[Extracted records — start]

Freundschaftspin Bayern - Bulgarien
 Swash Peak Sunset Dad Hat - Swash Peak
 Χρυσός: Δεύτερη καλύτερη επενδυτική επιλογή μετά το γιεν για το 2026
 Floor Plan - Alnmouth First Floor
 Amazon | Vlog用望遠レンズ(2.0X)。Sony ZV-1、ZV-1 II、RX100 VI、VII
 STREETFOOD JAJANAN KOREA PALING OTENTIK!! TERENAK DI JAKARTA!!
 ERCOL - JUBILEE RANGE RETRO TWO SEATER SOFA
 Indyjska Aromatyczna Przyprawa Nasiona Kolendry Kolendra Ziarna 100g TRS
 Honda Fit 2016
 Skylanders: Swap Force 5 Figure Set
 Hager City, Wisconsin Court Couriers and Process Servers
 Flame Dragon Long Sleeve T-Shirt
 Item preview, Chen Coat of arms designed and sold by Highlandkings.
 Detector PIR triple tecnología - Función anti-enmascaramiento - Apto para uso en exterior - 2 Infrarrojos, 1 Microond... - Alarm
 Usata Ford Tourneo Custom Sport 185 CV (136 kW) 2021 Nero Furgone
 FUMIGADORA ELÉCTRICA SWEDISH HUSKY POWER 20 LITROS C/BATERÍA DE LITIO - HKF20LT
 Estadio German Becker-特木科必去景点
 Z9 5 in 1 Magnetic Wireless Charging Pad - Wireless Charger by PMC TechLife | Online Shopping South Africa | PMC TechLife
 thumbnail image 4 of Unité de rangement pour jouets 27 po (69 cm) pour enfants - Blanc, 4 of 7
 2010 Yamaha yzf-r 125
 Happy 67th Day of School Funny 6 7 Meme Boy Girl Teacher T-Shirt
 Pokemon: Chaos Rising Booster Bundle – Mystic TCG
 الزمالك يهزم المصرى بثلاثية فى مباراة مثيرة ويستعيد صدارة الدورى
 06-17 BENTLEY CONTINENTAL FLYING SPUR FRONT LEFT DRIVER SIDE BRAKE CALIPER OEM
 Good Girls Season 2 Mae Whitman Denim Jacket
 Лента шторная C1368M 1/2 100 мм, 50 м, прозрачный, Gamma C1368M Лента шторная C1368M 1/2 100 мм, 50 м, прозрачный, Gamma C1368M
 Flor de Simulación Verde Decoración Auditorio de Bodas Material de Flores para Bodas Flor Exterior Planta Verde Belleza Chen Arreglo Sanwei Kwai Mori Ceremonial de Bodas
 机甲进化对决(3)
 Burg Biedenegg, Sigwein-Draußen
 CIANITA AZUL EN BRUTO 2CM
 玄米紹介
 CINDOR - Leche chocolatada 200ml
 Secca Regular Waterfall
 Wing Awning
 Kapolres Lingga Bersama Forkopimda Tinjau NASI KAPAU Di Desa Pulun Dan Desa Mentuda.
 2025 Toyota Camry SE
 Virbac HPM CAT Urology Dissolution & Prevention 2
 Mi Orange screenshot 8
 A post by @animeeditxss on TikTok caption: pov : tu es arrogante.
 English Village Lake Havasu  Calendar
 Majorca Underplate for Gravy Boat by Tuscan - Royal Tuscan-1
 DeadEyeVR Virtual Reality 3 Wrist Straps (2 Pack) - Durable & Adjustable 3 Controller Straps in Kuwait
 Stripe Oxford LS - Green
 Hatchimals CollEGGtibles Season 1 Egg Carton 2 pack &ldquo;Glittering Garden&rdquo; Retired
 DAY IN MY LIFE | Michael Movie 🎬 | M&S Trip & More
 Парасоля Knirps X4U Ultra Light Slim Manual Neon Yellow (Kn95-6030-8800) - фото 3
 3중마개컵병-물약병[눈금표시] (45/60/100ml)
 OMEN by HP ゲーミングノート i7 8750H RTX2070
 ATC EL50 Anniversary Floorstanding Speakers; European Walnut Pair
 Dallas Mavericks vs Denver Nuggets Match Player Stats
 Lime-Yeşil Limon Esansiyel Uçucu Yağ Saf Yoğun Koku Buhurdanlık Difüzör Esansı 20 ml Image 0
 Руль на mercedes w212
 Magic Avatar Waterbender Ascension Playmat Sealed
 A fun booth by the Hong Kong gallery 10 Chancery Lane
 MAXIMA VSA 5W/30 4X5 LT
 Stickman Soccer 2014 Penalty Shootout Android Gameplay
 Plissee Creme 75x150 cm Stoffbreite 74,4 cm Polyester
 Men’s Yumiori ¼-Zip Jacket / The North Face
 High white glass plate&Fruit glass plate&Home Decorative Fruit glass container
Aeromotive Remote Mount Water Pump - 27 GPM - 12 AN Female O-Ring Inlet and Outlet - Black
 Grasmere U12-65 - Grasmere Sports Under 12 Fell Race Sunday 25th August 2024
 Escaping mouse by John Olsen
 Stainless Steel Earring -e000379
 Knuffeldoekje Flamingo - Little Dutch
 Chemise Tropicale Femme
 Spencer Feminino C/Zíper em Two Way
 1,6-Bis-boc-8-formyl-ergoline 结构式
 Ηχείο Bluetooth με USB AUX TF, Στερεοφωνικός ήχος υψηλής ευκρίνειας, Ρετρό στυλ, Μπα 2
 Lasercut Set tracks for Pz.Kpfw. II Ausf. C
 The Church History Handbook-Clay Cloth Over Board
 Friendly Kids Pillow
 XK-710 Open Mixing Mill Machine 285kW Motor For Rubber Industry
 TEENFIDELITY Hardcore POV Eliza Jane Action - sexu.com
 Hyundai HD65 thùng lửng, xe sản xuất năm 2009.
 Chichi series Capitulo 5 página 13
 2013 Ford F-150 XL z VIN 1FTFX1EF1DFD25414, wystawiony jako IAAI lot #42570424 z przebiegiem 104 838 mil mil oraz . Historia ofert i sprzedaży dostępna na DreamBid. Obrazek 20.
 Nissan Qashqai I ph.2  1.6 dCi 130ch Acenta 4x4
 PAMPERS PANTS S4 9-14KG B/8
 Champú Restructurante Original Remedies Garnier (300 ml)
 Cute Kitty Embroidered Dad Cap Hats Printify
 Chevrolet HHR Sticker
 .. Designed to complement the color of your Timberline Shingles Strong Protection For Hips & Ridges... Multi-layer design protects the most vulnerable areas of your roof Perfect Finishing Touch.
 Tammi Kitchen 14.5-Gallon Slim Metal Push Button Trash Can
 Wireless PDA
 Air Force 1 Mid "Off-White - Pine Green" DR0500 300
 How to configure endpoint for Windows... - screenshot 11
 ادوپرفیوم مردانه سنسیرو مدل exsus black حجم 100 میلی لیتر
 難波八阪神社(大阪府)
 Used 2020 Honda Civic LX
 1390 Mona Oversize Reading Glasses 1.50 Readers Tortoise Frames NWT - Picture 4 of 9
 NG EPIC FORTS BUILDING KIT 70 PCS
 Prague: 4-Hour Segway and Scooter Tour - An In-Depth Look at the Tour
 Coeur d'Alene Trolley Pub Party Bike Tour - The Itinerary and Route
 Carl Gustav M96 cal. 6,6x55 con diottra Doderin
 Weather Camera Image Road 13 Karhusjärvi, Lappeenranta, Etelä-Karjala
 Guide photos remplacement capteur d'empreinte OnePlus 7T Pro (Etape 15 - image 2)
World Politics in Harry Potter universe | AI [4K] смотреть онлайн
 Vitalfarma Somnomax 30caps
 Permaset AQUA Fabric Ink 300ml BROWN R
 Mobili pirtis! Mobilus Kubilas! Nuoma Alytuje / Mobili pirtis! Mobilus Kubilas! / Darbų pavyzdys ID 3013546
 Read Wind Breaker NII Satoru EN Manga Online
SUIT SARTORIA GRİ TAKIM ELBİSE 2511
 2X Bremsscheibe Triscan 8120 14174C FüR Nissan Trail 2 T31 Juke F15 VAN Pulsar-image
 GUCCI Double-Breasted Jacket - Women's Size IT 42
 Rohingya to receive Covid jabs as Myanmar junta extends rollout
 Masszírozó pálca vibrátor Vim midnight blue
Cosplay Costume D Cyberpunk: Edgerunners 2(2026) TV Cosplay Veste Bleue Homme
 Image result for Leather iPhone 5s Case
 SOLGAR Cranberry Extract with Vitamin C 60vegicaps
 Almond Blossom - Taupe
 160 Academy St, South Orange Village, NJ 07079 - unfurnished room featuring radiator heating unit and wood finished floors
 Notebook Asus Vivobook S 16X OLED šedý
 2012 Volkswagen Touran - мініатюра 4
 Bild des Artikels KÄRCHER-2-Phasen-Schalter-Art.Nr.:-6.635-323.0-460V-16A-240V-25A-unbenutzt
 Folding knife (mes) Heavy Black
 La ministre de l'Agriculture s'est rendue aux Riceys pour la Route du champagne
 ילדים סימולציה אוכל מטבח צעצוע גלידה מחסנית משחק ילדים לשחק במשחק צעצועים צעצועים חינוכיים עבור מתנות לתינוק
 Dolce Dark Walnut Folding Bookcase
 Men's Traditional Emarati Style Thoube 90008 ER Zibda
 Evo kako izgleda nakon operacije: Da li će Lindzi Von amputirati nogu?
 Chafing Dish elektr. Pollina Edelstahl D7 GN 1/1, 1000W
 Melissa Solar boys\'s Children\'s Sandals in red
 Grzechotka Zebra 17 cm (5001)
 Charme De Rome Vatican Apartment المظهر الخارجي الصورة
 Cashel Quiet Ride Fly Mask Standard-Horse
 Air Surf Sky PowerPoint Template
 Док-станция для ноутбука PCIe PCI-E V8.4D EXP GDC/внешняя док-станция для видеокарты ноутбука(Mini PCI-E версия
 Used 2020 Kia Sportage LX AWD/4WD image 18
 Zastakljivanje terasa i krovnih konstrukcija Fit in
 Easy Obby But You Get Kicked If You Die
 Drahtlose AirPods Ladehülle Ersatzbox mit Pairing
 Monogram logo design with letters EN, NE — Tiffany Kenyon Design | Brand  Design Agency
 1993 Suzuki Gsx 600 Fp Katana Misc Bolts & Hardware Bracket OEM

[Extracted records — finish]

### Work instruction
Quote the listing above from its first line to the line with "Item preview, Chen", inclusive, and add nothing.

### Solution to this problem
Freundschaftspin Bayern - Bulgarien
 Swash Peak Sunset Dad Hat - Swash Peak
 Χρυσός: Δεύτερη καλύτερη επενδυτική επιλογή μετά το γιεν για το 2026
 Floor Plan - Alnmouth First Floor
 Amazon | Vlog用望遠レンズ(2.0X)。Sony ZV-1、ZV-1 II、RX100 VI、VII
 STREETFOOD JAJANAN KOREA PALING OTENTIK!! TERENAK DI JAKARTA!!
 ERCOL - JUBILEE RANGE RETRO TWO SEATER SOFA
 Indyjska Aromatyczna Przyprawa Nasiona Kolendry Kolendra Ziarna 100g TRS
 Honda Fit 2016
 Skylanders: Swap Force 5 Figure Set
 Hager City, Wisconsin Court Couriers and Process Servers
 Flame Dragon Long Sleeve T-Shirt
 Item preview, Chen Coat of arms designed and sold by Highlandkings.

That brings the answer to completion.